Your instructions
Pictures left aside, return the lines below exactly, from the one with "Inteligencia Relacional, Jaime" to the end, including both ends.

Records supplied
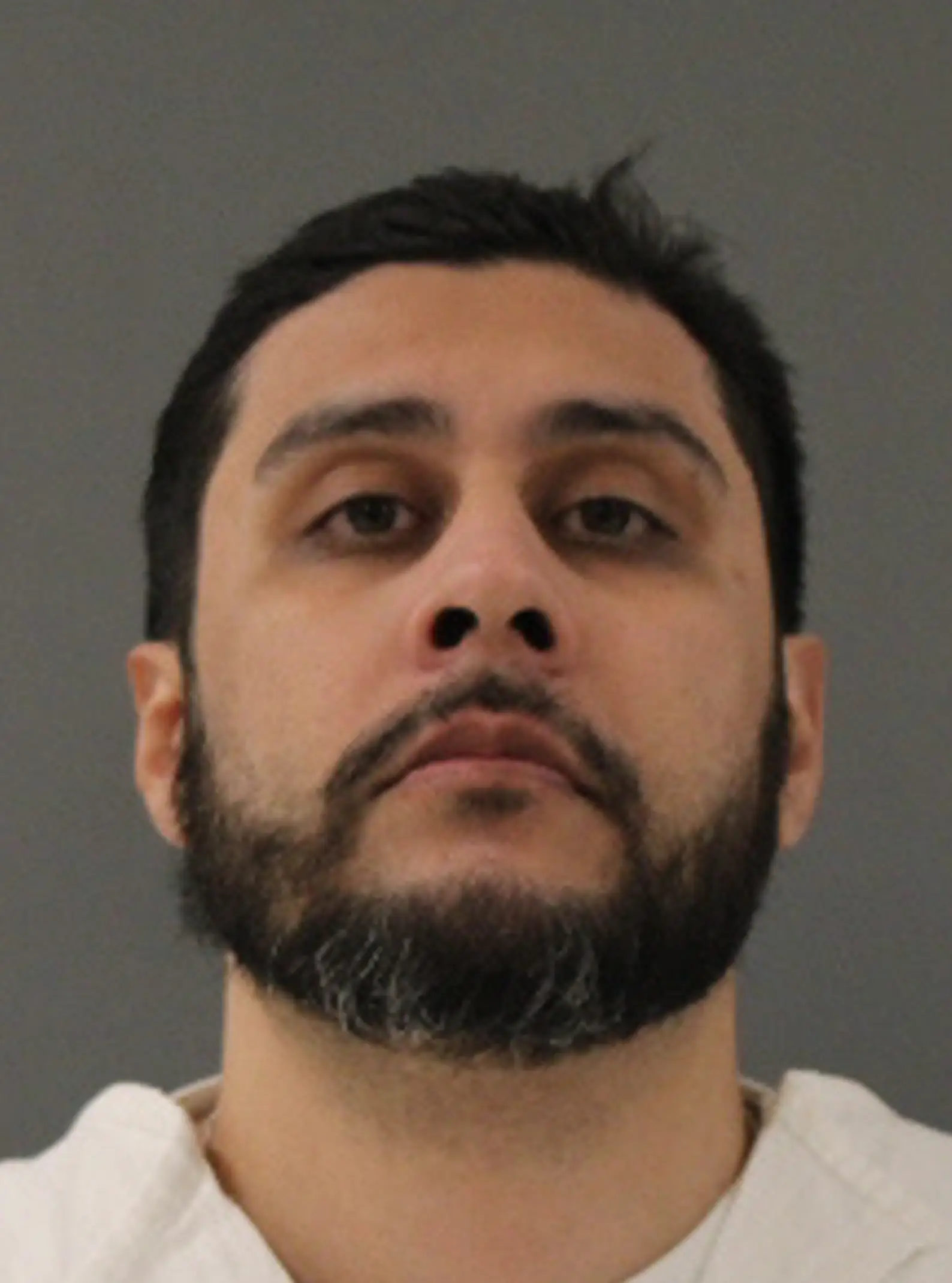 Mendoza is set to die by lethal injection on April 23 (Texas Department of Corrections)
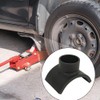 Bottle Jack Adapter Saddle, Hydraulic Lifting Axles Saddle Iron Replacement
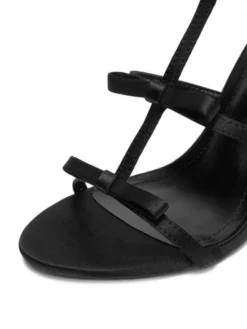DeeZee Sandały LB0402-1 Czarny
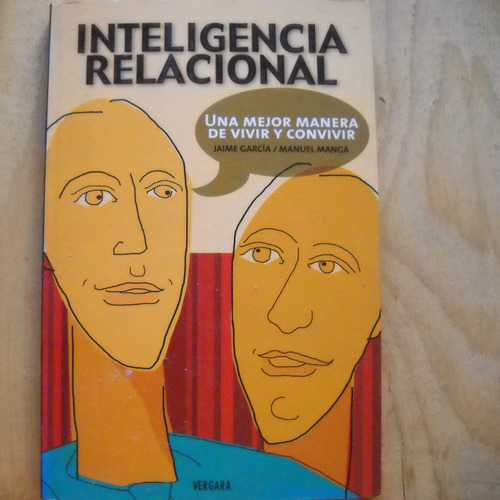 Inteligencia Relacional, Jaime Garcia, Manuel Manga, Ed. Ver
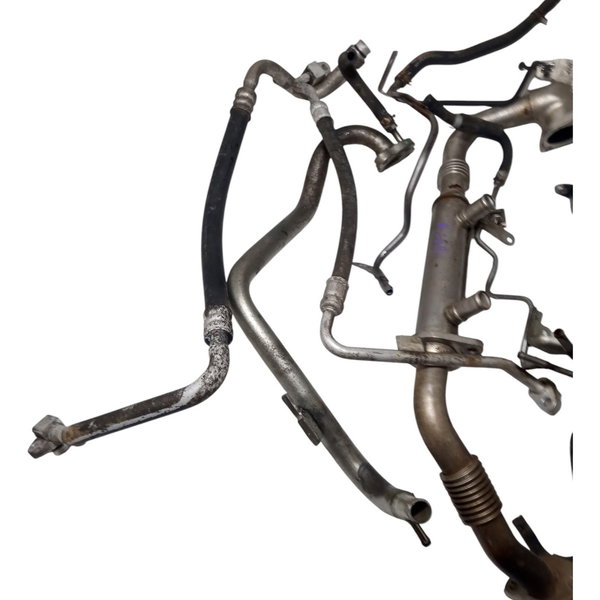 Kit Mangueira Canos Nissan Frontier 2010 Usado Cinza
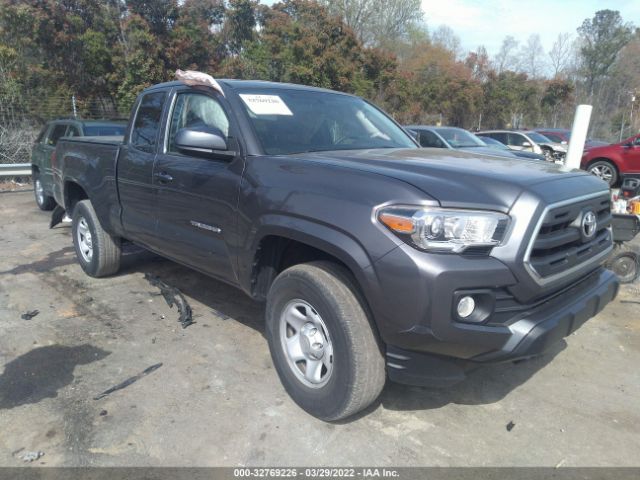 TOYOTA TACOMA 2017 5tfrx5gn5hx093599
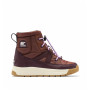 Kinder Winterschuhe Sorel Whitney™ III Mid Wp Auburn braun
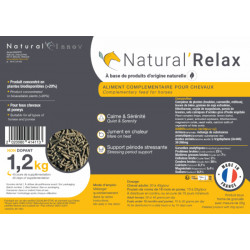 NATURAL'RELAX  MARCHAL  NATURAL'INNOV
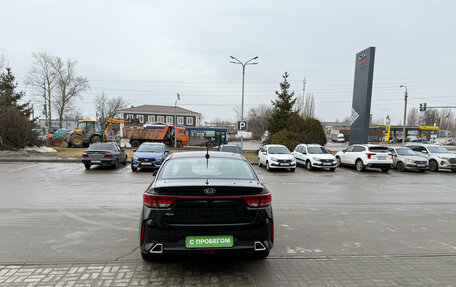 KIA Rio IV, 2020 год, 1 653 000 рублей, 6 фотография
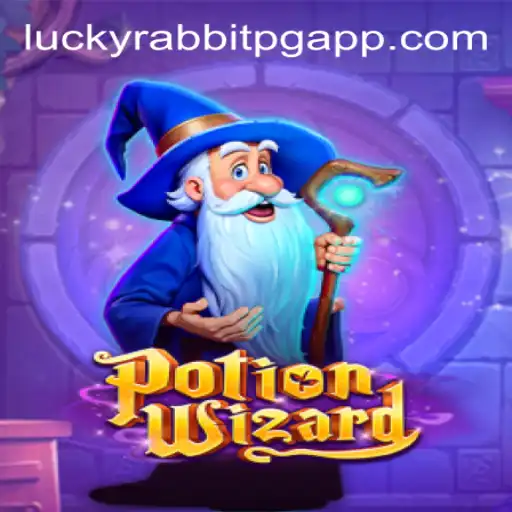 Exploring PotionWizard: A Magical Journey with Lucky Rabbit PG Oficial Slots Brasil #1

Exercise answer
 Inteligencia Relacional, Jaime Garcia, Manuel Manga, Ed. Ver
 Kit Mangueira Canos Nissan Frontier 2010 Usado Cinza
 TOYOTA TACOMA 2017 5tfrx5gn5hx093599
 Kinder Winterschuhe Sorel Whitney™ III Mid Wp Auburn braun
 NATURAL'RELAX  MARCHAL  NATURAL'INNOV
 KIA Rio IV, 2020 год, 1 653 000 рублей, 6 фотография
 Exploring PotionWizard: A Magical Journey with Lucky Rabbit PG Oficial Slots Brasil #1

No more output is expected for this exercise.